What the exercise asks -> Once "В реестре сейчас ОС" turns up in a line below, reproduce that line and those after it exactly, stopping after the line with "jogo teste tigrinho"; leave pictures out.
═════ Given data
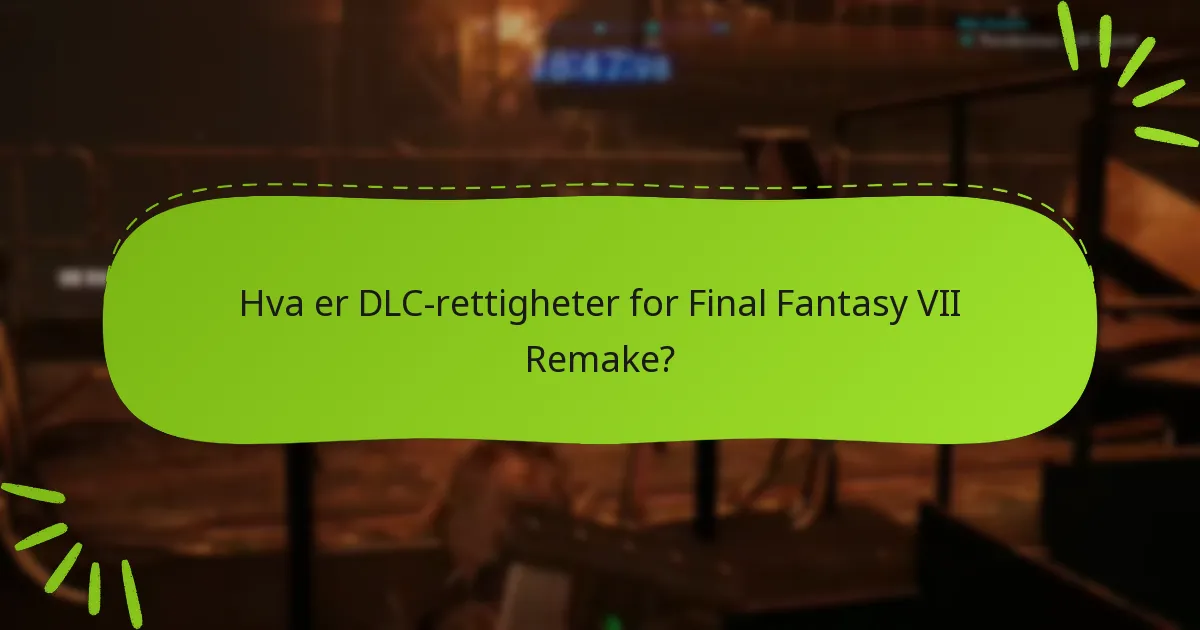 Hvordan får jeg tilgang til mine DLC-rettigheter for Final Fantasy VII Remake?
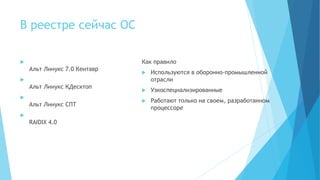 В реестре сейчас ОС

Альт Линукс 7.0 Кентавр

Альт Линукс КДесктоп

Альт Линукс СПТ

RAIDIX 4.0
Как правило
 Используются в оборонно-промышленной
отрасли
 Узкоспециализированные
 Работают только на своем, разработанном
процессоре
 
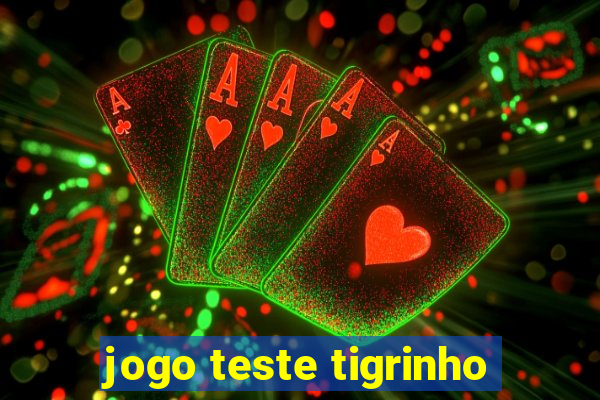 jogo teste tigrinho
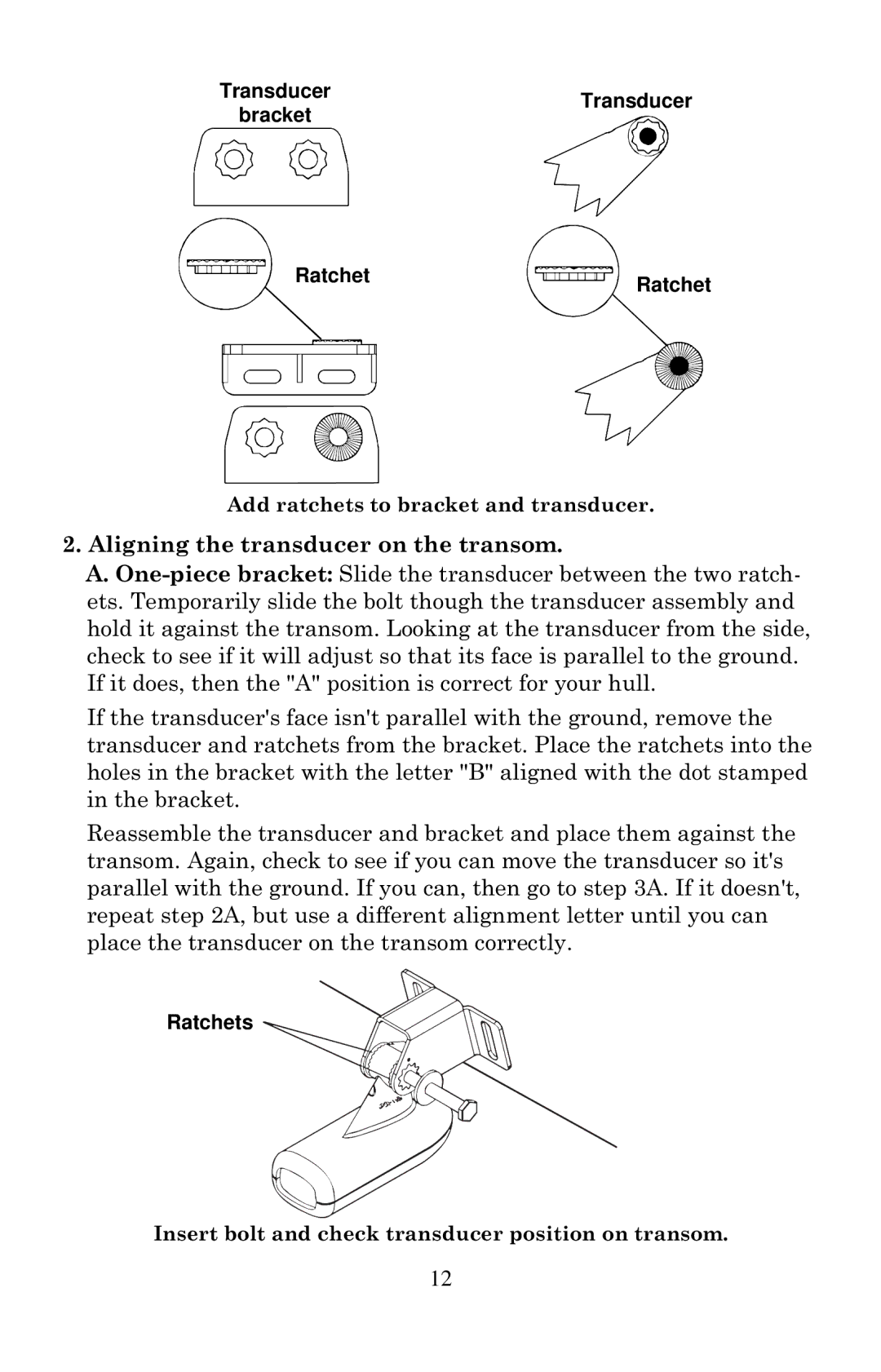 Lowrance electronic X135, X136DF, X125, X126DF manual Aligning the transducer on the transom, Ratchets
══════════
Expected output ->
 В реестре сейчас ОС

Альт Линукс 7.0 Кентавр

Альт Линукс КДесктоп

Альт Линукс СПТ

RAIDIX 4.0
Как правило
 Используются в оборонно-промышленной
отрасли
 Узкоспециализированные
 Работают только на своем, разработанном
процессоре
 
 jogo teste tigrinho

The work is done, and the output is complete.